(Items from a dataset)
━━━━━━━━━━━━━━━━

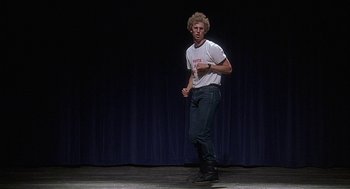 Movie still from “Napoleon Dynamite” (2004), directed by Jared Hess – A man standing on a stage holding a baseball bat; Wide shot, Low angle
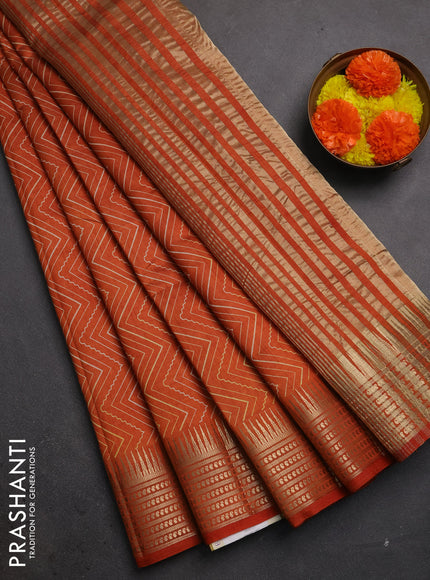 Semi raw silk saree rustic orange with allover zigzag prints and temple design zari woven border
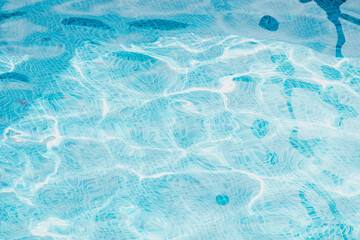 Blue water texture. Blurred background with blue water in the pool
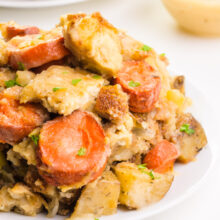 Vegan holiday casserole sits on a plate, showcasing carrots and tofu.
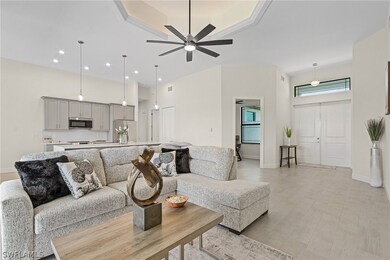 Living room with a high ceiling, light hardwood / wood-style floors, ceiling fan, and a raised ceiling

━━━━━━━━━━━━━━━━

» Exercise:
Transcribe all the lines above exactly, apart from the pictures.

» Result of this exercise:
 Movie still from “Napoleon Dynamite” (2004), directed by Jared Hess – A man standing on a stage holding a baseball bat; Wide shot, Low angle
 Semi raw silk saree rustic orange with allover zigzag prints and temple design zari woven border
 Blue water texture. Blurred background with blue water in the pool
 Vegan holiday casserole sits on a plate, showcasing carrots and tofu.
 Living room with a high ceiling, light hardwood / wood-style floors, ceiling fan, and a raised ceiling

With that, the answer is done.